Reading over Congressional testimony and media analysis of the spill, it appears that several mistakes were made that have analogues in the world of technology. They were mistakes that highly-trained, intelligent people who should know better, make. They should look familiar to us in the high-tech world. Here are five:
1. Just because you can doesn’t mean you should.
In fast-paced, competitive technical fields, engineers may feel pressure to produce novel solutions on tight schedules. The Deepwater Horizon disaster demonstrates the extent to which global demand for oil has pushed energy companies to drill in increasingly dangerous, difficult environments, using ever more advanced and unproven technologies.
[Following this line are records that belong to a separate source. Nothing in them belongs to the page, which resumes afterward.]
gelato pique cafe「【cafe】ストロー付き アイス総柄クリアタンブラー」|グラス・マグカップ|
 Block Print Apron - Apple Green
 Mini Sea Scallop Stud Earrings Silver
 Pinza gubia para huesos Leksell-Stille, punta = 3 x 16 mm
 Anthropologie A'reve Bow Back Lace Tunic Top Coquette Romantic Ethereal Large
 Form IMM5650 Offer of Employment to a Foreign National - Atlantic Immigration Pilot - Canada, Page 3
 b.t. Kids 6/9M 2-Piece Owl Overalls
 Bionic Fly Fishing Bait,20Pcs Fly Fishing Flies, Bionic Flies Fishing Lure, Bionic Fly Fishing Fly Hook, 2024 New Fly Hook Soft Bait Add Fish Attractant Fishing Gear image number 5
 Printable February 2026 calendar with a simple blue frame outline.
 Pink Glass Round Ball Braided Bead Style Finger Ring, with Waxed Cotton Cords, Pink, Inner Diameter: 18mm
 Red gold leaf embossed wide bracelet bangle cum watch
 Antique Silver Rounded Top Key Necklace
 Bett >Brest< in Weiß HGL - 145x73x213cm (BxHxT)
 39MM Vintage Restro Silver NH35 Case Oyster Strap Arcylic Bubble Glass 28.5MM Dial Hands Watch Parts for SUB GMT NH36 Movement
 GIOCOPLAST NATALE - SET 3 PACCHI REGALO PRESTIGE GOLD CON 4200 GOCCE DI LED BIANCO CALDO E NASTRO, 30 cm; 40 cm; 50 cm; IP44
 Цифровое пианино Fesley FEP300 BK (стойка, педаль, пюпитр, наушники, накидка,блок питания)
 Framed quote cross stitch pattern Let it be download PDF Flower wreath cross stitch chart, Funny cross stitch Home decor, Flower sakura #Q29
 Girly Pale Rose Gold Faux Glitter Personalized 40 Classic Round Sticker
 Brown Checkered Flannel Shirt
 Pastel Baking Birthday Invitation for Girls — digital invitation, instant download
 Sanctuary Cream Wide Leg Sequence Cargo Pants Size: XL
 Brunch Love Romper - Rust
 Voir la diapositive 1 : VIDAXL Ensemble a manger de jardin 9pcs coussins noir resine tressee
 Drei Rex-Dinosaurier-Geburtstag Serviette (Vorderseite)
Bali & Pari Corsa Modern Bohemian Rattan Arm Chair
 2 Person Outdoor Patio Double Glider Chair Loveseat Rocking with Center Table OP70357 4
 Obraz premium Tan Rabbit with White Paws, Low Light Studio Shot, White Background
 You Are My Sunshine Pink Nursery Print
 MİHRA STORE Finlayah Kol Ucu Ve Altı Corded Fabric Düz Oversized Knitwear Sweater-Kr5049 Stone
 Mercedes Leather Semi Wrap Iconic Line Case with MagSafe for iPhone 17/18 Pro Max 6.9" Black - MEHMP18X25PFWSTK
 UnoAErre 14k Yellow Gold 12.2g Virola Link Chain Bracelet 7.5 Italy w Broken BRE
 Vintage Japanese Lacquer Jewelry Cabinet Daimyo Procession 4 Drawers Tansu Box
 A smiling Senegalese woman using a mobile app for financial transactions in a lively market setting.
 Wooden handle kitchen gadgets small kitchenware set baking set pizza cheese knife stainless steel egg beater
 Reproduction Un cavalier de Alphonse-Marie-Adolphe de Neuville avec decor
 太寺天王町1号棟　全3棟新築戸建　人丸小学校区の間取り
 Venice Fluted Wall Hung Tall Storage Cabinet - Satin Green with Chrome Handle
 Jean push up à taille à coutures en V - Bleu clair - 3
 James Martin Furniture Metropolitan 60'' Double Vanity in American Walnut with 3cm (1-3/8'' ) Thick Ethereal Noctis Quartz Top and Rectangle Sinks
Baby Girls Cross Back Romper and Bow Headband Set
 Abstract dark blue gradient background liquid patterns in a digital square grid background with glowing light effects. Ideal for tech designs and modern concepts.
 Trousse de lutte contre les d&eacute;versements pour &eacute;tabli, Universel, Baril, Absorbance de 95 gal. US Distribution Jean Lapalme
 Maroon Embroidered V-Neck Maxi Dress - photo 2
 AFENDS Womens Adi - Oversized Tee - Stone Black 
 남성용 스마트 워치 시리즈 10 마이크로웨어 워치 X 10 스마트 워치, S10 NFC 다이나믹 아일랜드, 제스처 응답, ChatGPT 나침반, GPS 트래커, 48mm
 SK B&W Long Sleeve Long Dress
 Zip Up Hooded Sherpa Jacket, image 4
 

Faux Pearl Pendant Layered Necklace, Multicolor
It is not news that problems in a system increase dramatically with the complexity of the system. Moreover, inability—through time, physical, or financial limitations—to fully test a complex system before deploying it is probably a recipe for trouble. The principle of Occam’s Razor—where the simplest solution is generally the best one—may be a rule of thumb to remember when designing solutions particularly for mission critical systems.
2. Two is one and one is none.
This is a common sense saying that a wilderness survival enthusiast once told me. Bring more than one knife, and more water than you think you will need. Know more than one way out of your hotel, have more than one route to get to work. The oil rig designers are probably now regretting that they did not build more robust redundancy into their blowout prevention systems. IT professionals are unlikely to later regret backing up data more frequently than absolutely necessary and storing it in more than one physical location. When creating business resiliency plans, it is common sense to have more than one solution to the most likely problems, and for critical systems, to have key tools on hand and ready to deploy.
3. Short cuts can get you into deep water.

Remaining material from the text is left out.